- **What to work on**: Each entry below is to be given again word for word, with no pictures.

───── Task input ─────

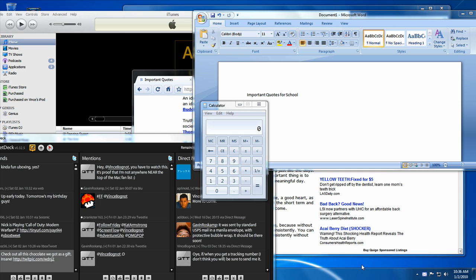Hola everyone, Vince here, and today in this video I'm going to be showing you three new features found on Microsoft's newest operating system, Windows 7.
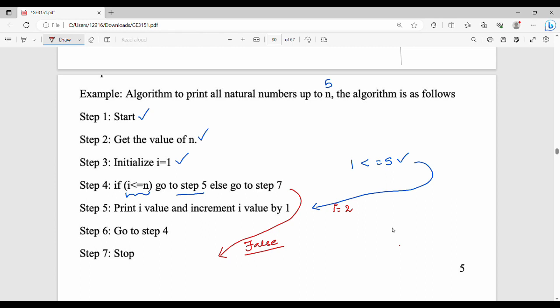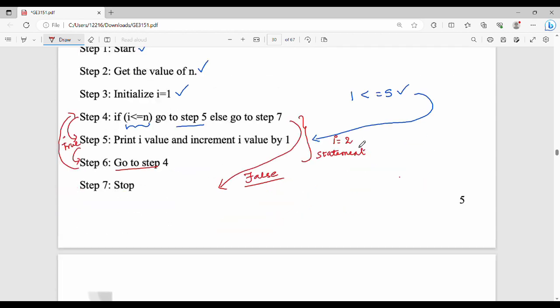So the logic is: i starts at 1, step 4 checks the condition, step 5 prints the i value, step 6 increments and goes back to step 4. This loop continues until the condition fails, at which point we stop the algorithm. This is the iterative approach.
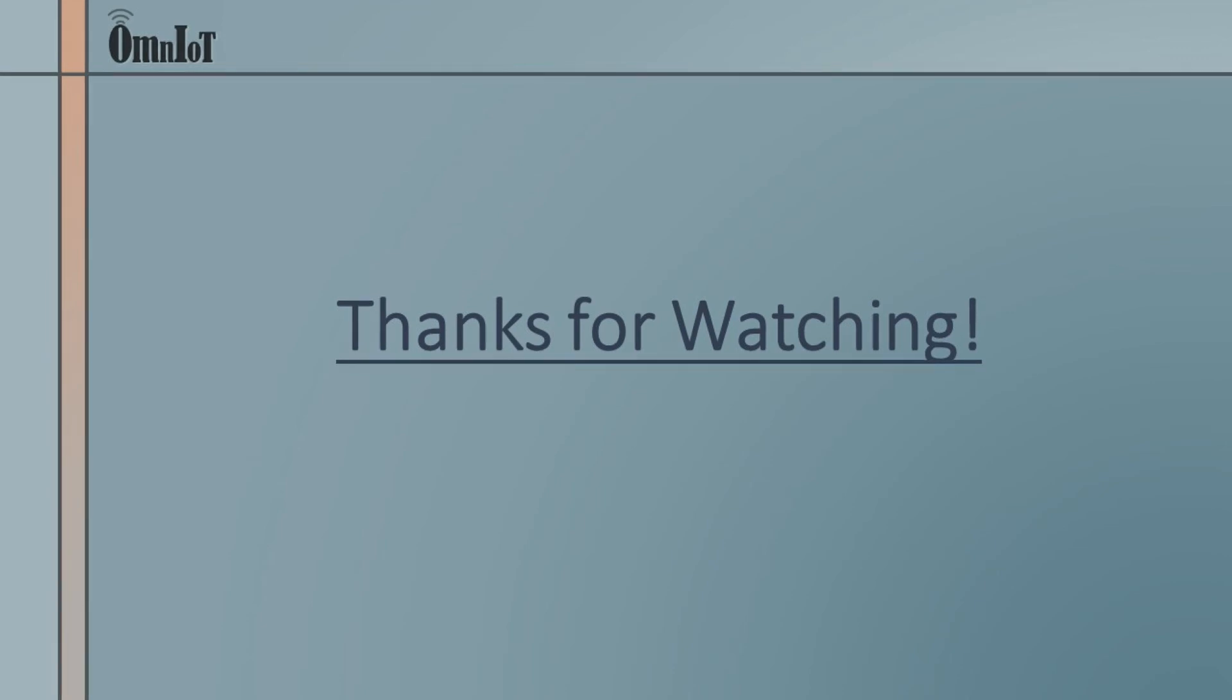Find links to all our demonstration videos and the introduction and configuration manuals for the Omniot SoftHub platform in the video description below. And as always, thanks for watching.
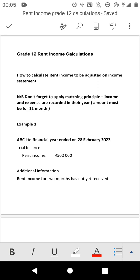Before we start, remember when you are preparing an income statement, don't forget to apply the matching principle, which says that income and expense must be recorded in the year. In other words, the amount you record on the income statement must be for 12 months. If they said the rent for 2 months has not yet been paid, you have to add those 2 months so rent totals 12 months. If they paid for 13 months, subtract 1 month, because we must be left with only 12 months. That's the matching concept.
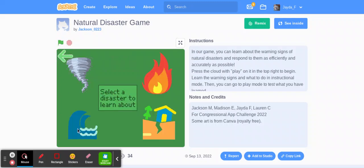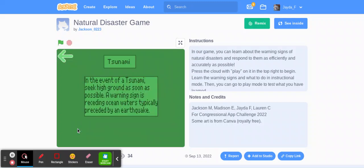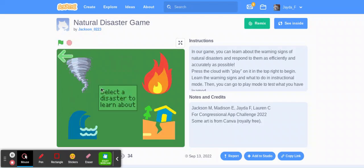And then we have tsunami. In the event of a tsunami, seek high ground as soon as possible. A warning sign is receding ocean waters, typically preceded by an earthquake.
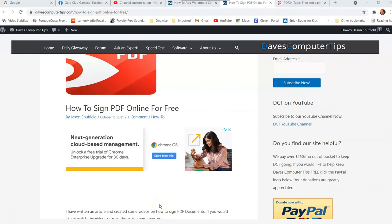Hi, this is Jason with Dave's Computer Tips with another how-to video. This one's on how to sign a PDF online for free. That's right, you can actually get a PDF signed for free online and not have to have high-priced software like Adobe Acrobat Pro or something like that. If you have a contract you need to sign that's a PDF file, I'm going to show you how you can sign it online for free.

─────

- **Result below**:
Hola everyone, Vince here, and today in this video I'm going to be showing you three new features found on Microsoft's newest operating system, Windows 7.
So the logic is: i starts at 1, step 4 checks the condition, step 5 prints the i value, step 6 increments and goes back to step 4. This loop continues until the condition fails, at which point we stop the algorithm. This is the iterative approach.
Find links to all our demonstration videos and the introduction and configuration manuals for the Omniot SoftHub platform in the video description below. And as always, thanks for watching.
Before we start, remember when you are preparing an income statement, don't forget to apply the matching principle, which says that income and expense must be recorded in the year. In other words, the amount you record on the income statement must be for 12 months. If they said the rent for 2 months has not yet been paid, you have to add those 2 months so rent totals 12 months. If they paid for 13 months, subtract 1 month, because we must be left with only 12 months. That's the matching concept.
And then we have tsunami. In the event of a tsunami, seek high ground as soon as possible. A warning sign is receding ocean waters, typically preceded by an earthquake.
Hi, this is Jason with Dave's Computer Tips with another how-to video. This one's on how to sign a PDF online for free. That's right, you can actually get a PDF signed for free online and not have to have high-priced software like Adobe Acrobat Pro or something like that. If you have a contract you need to sign that's a PDF file, I'm going to show you how you can sign it online for free.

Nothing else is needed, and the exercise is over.